Would hierarchical clustering be as popular without the dendrogram? Cannot the same be said of finite mixture modeling with its multidimensional spaces populated by normal distributions? I invite you to move your mouse over the figure on the introductory page of the website for the R package mclust and click through all the graphics that bring mixture modeling to life. So what is the compelling image for nonnegative matrix factorization (NMF)?
Dendrograms are constructed from distance matrices. We have some choice in the distance or divergence metric, but once a variable has been selected, it is included in all the distance calculations. Finite mixtures and k-means avoid such matrices, but still define fit as some variation on the ratio of between-cluster and within-cluster distances, once again computed from all the variables selected for the analysis. These are the clusters pictured in the above links to dendrograms and isodensity curves in low-dimensional spaces derived from the entire set of included variables.
However, such representations do not exhaust common ways of talking and thinking about similarity. For example, object substitution in a task or an activity is based on a more limited definition of shared functionality. These are goal-derived categories that I discussed at the end of my post showing how NMF can use top-contender rankings to reveal preference patterns for breakfast foods. Will a Danish pastry be good enough when all the donuts have been eaten? The thought of eating the donut evokes the criteria upon which substitutability and hence similarity will be judged (see Norm Theory: Comparing Reality to Its Alternatives). In the context of toast and other options for breakfast, the donut and the Danish may appear more similar in contrast, yet that is not what comes to mind when hungry for donuts. Similarity can only be defined within a context, as noted by Nelson Goodman.
Similarity Derived from Building Blocks in Localized Additive Representations
What did you do today? I could give you a list of activities and ask you to indicate how frequently you engaged in each activity. Who else is like you? Should we demand complete agreement across all the activities, or is it sufficient that you share some common task? If my list is a complete inventory, it will include many relatively infrequent activities performed only by specific subgroups. For example, caregivers for very young children come in all ages and gender from diverse backgrounds and with other responsibilities, yet they form a product category with an entire aisle of the supermarket dedicated to their shared needs. Situational demands pull together individuals in rows and activities in columns to mold a building block of relational data.

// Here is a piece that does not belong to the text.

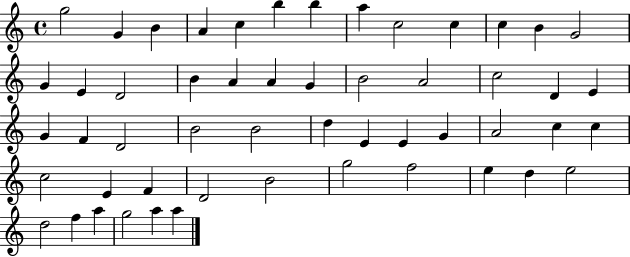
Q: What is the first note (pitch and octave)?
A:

To be clear, a hierarchical clustering of respondents or the rows of our data matrix averages over all the columns. We start with an nxp data matrix, but perform the analysis with the nxn dissimilarity or distance matrix. Still, the data matrix contains relational data. Individuals are associated with the activities they perform. Instead of ignoring these relationships between the rows and the columns, we could seek simultaneous clustering of individuals and activities to form blocks running along the diagonal of the data matrix (a block diagonal matrix). Consequently, we may wish to alter our initial figure at the beginning of this post to be more precise and push the colored blocks out of a straight line to form a diagonal with each block demarcated by the intersection of individuals and their frequent activities.
A Toy Example
We can see how it is all accomplished in the following NMF analysis. We will begin with a blank data matrix and combine two blocks to form the final data matrix in the lower right of the figure below.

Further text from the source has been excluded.